In these days of low, near-zero interest rates, you don’t hear people talk about compound interest. That’s the investing truism where you not only earn money on the principal you’ve invested, but also on the interest you have earned up to that time. As interest is continuously added back to your account, the power of your account to grow increases significantly over time.
We enjoy speaking to high school students about financial matters, and here is a story that describes the power of compounding very well.
Two students, Emily and Evan, graduate from high school in the same class. They go to the same college and actually pay the same in tuition each year. Evan borrows the standard federal student loan amount, $27,000 over four years, while Emily does not borrow any money.
They each graduate with the same degree, and as luck would have it, end up living in the same city, working for the same large employer, earning identical salaries. So far so good.
Six months after graduation, Evan begins repaying his student loans on a 10 year schedule, making the required $271 monthly payment. Emily decides at the same time to open a Roth IRA and sends off a monthly deposit also of $271. Over the next 10 years, Emily makes deposits totaling $32,500.
Evan seems Emily’s savings and admires that she does that, so when his loans are repaid, he opens and IRA and sends the former payment amount to his new retirement account. He never misses the money, and even though he is $32,500 behind Emily, he expects he will do just fine over time.
Emily shares her investment allocation with Evan, and he mimics it. As time goes by, their paths diverge, and they lose touch with each other. But they continue to invest!
Fast forward to their 50th high school reunion! Evan seems Emily chatting with some friends and goes up to her to thank her for the positive influence she had on him with her savings habit. “I just checked my IRA statement,” Evan says, “I’ve averaged 8% return and I have almost $700,000saved! Thank you again!”
Emily smiles but thinks inside that something doesn’t quite sound right. She taps her iWatch and pulls up her brokerage statement to check her Roth IRA balance.
I like to ask the students that they expect Emily’s balance to be?
A-$27,000 more than Evan’s (that’s the amount of his loans).
B-$32,500 more than Evan’s (that’s the amount of his loan payments).
C-Something else – how much more and why?
Most students correctly choose C, but few can come close to the correct amount. Remember that the only difference in Evan and Emily was that Emily started 10 years earlier. Their investments were the same and they earned the same rate.
In the end, Emily had $800,000 more than Evan. The reason? The Power of Compounding! Her extra $32,500 grew into $800,000 due to the power of compounding.
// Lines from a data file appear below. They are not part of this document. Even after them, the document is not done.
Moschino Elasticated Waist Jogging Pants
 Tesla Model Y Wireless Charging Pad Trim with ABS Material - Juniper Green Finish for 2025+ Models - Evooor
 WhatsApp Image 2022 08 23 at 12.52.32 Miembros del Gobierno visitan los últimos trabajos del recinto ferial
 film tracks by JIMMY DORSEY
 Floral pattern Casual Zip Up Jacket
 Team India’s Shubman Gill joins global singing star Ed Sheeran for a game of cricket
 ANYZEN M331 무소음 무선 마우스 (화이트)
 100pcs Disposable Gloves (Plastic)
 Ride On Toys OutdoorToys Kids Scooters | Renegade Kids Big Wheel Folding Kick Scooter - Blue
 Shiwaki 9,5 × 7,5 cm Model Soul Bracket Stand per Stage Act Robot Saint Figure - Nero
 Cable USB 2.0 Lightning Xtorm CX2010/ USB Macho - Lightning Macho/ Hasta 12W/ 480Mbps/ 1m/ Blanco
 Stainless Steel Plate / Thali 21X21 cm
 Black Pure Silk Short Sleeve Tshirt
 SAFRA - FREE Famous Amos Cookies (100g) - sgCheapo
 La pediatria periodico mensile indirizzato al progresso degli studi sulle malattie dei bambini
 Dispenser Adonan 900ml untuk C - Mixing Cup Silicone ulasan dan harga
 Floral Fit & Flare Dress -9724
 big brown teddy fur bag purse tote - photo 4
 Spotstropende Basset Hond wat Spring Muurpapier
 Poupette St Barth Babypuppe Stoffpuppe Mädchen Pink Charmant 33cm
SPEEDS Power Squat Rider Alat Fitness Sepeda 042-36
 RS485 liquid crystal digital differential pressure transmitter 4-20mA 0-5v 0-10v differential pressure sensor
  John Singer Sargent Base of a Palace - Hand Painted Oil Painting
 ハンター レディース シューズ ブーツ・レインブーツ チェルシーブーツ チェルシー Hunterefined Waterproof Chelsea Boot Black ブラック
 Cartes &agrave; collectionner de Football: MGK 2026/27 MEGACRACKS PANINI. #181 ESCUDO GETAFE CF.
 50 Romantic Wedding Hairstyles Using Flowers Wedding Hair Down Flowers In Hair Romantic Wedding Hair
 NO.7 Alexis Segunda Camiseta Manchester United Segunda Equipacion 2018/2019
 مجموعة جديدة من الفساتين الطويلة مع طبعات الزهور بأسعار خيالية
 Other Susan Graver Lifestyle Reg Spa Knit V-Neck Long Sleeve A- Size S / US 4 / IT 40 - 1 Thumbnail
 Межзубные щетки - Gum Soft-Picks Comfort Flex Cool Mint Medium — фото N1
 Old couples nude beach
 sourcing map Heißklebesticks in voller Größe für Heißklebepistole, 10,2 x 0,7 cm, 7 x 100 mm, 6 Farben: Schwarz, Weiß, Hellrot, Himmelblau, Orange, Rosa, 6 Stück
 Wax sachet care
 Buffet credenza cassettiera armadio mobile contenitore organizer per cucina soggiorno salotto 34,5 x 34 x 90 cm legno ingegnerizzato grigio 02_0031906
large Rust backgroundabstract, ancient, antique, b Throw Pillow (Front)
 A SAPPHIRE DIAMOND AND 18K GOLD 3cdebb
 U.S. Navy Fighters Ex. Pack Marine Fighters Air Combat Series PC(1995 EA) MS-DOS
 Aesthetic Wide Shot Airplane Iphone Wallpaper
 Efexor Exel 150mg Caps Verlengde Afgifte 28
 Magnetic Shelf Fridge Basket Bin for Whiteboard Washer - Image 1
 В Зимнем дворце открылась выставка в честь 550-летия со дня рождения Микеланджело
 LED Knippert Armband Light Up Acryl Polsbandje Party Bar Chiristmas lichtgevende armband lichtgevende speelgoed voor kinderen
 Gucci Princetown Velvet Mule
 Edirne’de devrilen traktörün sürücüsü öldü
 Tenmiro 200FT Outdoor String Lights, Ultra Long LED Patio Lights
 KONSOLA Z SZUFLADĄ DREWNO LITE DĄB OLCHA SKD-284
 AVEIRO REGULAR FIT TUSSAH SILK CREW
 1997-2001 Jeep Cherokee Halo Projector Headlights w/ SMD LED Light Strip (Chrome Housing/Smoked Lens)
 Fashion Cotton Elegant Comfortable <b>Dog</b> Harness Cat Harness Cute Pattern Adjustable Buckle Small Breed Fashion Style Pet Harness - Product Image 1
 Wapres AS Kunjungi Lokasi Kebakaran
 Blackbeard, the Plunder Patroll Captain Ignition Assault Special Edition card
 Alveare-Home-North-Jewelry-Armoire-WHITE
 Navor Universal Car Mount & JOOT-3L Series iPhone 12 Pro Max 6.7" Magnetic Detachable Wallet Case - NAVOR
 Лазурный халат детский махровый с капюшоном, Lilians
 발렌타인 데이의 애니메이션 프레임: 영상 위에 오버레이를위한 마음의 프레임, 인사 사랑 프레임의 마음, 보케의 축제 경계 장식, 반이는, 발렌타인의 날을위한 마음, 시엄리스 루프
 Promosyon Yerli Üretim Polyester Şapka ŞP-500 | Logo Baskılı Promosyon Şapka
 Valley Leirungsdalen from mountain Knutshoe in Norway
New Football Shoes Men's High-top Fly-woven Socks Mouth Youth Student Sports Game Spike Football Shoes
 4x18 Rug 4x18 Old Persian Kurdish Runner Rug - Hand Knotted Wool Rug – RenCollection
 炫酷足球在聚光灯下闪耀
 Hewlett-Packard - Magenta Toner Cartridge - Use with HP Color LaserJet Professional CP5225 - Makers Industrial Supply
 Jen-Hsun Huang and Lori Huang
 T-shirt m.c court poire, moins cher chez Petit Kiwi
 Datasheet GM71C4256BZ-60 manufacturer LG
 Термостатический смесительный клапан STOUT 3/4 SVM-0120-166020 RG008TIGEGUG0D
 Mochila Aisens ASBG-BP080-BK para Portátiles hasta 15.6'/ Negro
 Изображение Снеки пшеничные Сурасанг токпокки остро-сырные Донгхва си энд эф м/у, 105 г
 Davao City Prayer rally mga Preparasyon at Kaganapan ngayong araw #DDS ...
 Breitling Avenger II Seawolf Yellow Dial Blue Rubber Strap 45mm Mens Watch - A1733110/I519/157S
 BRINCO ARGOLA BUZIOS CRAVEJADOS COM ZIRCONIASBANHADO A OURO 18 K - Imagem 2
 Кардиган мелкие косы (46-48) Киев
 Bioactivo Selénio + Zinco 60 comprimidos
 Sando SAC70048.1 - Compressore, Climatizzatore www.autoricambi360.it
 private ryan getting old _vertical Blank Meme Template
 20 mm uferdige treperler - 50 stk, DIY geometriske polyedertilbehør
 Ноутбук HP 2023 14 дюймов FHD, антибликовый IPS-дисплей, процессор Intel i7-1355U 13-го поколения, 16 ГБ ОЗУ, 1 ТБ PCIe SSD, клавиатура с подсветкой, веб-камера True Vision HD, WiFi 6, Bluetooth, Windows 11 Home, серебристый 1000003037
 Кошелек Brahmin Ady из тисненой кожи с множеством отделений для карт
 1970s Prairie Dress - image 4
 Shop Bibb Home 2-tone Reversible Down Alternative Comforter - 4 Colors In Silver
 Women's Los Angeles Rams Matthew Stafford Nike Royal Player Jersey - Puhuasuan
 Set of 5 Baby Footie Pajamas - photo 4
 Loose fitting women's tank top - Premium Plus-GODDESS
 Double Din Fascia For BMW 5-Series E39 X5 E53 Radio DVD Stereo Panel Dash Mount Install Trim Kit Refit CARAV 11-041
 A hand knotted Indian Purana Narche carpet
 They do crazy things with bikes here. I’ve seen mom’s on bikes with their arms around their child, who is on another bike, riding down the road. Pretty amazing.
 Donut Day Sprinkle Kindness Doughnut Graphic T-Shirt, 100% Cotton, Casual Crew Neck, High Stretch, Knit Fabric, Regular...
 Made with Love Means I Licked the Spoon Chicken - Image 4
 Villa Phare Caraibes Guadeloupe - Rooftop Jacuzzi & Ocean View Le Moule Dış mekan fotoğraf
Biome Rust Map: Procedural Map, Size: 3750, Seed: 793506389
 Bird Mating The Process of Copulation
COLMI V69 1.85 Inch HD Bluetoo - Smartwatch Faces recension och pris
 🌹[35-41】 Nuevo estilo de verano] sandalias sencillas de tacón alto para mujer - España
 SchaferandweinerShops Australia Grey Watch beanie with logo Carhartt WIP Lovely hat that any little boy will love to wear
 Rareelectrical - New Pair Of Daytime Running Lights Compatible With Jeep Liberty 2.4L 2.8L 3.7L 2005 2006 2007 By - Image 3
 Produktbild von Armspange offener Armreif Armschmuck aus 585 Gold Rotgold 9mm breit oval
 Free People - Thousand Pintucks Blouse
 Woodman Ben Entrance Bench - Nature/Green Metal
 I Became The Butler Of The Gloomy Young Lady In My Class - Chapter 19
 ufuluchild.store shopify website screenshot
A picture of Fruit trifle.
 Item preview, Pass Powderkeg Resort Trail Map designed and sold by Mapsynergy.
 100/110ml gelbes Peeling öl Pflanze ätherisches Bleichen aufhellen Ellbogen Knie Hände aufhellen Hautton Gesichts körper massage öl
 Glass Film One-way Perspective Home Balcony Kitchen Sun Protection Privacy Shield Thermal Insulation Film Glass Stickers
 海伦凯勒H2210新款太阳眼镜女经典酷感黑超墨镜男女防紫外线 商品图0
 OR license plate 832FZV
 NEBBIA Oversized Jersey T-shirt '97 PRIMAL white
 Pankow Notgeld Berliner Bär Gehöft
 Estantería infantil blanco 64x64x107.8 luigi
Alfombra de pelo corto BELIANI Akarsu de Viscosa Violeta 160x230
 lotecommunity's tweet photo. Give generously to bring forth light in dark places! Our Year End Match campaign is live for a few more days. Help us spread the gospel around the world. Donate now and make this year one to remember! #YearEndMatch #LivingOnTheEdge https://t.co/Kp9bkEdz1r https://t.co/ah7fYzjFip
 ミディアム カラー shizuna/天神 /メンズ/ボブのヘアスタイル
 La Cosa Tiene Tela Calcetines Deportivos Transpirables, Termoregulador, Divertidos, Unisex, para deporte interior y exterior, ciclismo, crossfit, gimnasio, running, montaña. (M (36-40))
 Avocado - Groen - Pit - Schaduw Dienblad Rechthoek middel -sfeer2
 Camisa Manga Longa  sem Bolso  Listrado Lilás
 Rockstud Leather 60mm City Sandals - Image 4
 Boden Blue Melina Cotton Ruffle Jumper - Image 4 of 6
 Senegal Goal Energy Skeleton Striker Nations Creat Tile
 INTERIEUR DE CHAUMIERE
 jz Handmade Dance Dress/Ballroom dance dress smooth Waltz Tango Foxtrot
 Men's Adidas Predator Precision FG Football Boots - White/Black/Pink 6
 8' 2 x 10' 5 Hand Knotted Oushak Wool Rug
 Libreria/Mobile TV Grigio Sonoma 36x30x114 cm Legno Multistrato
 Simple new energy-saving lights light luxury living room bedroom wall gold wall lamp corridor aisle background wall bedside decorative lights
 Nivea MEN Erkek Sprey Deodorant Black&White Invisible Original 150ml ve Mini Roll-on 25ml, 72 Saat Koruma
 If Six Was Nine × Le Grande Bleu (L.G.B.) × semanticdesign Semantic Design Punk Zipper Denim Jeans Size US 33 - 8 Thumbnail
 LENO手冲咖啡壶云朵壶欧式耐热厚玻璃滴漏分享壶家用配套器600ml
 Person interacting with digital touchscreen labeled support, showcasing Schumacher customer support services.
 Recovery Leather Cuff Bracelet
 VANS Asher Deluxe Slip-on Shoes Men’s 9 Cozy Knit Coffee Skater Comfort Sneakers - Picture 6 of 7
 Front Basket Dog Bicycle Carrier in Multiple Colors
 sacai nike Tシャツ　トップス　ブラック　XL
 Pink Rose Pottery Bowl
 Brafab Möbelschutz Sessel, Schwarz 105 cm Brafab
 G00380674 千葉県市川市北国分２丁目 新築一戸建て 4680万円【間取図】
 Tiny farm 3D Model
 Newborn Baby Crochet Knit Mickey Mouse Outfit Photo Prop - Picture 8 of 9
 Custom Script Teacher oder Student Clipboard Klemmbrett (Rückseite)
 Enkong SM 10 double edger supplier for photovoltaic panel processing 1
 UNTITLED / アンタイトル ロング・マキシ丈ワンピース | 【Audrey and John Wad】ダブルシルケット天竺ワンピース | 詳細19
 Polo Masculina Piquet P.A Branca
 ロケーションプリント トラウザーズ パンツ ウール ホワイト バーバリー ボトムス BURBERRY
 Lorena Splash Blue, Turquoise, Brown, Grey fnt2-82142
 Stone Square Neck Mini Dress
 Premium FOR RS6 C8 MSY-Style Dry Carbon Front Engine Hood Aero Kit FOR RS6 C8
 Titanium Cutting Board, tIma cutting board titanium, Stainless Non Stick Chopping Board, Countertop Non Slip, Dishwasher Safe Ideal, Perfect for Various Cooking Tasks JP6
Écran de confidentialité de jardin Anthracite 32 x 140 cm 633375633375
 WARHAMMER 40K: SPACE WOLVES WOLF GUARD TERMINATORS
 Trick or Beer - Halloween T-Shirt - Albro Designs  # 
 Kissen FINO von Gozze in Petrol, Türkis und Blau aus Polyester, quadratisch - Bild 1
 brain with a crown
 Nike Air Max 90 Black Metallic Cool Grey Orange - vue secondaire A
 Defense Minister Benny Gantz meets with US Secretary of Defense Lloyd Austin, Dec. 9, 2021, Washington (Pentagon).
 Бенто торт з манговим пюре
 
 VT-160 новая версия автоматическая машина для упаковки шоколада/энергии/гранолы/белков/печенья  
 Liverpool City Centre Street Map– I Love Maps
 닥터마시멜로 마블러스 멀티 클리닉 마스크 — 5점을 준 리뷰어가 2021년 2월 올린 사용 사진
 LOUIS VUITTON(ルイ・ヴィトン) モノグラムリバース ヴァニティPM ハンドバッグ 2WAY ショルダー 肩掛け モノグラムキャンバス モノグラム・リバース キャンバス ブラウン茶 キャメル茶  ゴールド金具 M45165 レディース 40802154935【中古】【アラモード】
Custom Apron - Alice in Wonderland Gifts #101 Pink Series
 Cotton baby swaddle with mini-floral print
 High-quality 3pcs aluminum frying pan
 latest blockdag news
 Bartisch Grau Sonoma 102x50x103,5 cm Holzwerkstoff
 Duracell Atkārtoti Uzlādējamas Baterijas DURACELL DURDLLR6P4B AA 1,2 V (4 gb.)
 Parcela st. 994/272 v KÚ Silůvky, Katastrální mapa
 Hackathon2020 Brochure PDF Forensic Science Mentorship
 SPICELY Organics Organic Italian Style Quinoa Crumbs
Amazing!
You don’t hear too much about compounding these days with interest rates so low. If our sample savers had only earned 3% average, the difference would have been more like $100,000. Clearly the rate you earn matters. There is certainly risk of loss in investing and there are no guarantees that you will make money, but as an example of the way the math works, this is a great way to encourage an early start to saving money.